--- Data supplied ---
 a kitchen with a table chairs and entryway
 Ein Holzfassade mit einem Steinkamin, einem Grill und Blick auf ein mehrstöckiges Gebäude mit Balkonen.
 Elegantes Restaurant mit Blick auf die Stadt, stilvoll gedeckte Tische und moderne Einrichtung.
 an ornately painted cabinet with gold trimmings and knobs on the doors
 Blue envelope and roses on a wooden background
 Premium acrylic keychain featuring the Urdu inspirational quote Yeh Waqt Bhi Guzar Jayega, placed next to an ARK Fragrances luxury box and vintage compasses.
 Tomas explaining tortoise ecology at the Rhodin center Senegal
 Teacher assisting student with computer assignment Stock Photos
---
--- Data supplied ---
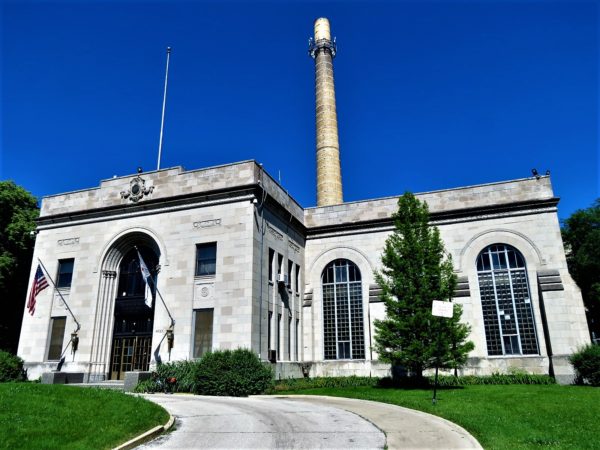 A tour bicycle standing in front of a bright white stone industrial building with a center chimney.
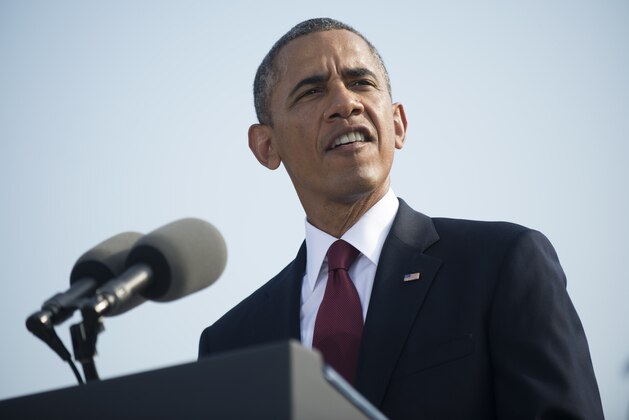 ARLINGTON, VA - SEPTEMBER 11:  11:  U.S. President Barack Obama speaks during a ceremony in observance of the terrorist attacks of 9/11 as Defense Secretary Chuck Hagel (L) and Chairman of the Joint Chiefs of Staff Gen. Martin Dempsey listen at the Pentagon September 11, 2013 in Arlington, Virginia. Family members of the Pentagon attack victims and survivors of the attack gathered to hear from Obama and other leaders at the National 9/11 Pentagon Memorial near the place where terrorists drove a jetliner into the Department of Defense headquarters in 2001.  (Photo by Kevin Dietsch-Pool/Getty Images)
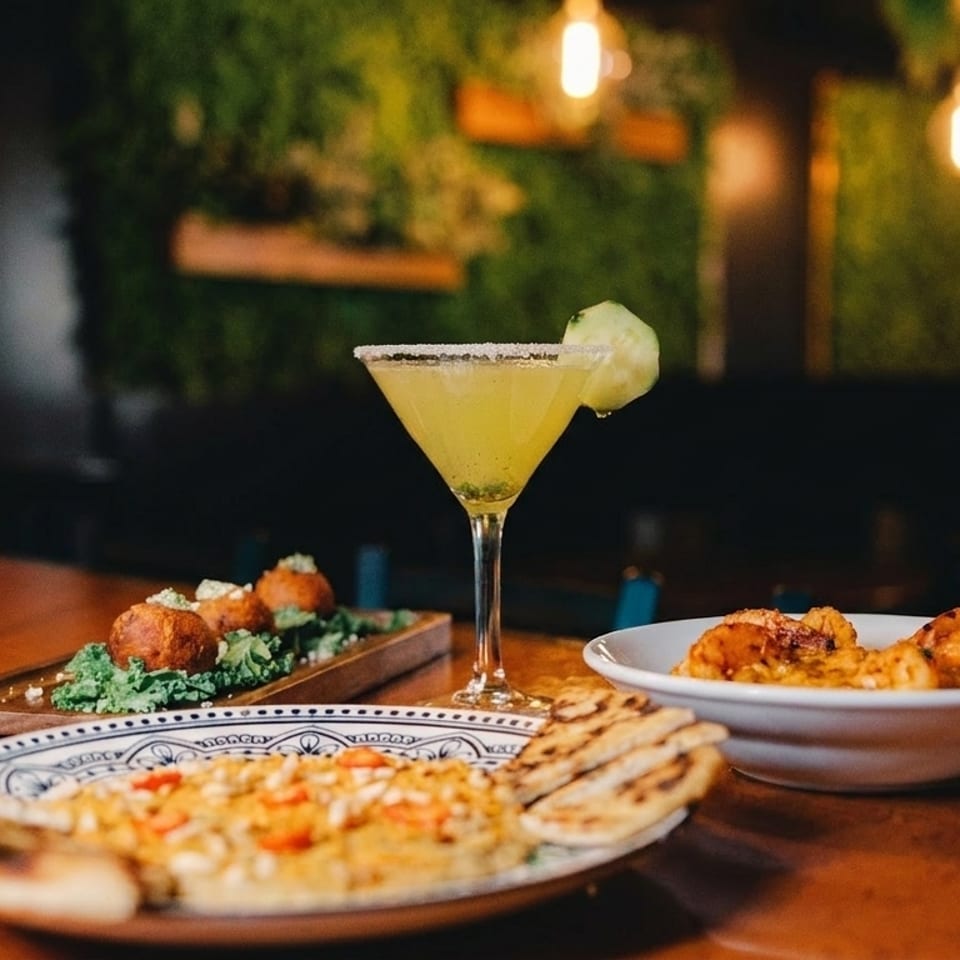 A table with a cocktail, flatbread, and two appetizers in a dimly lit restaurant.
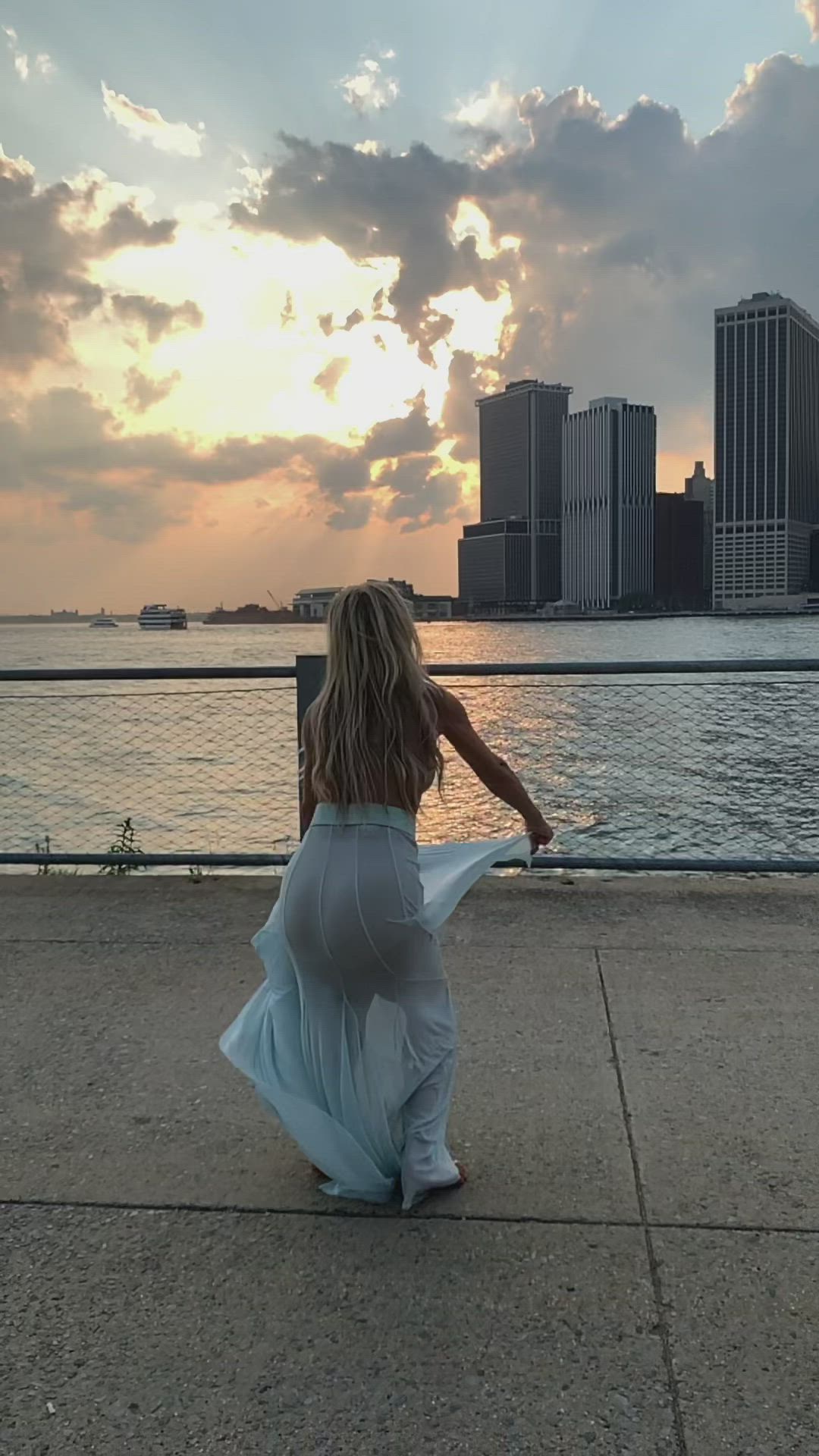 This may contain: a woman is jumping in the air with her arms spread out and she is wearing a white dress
---
• Assignment:
From the records above, give again exactly the lines running from the line with "Ein Holzfassade mit" to the line with "Teacher assisting student", inclusive.

• Reply:
 Ein Holzfassade mit einem Steinkamin, einem Grill und Blick auf ein mehrstöckiges Gebäude mit Balkonen.
 Elegantes Restaurant mit Blick auf die Stadt, stilvoll gedeckte Tische und moderne Einrichtung.
 an ornately painted cabinet with gold trimmings and knobs on the doors
 Blue envelope and roses on a wooden background
 Premium acrylic keychain featuring the Urdu inspirational quote Yeh Waqt Bhi Guzar Jayega, placed next to an ARK Fragrances luxury box and vintage compasses.
 Tomas explaining tortoise ecology at the Rhodin center Senegal
 Teacher assisting student with computer assignment Stock Photos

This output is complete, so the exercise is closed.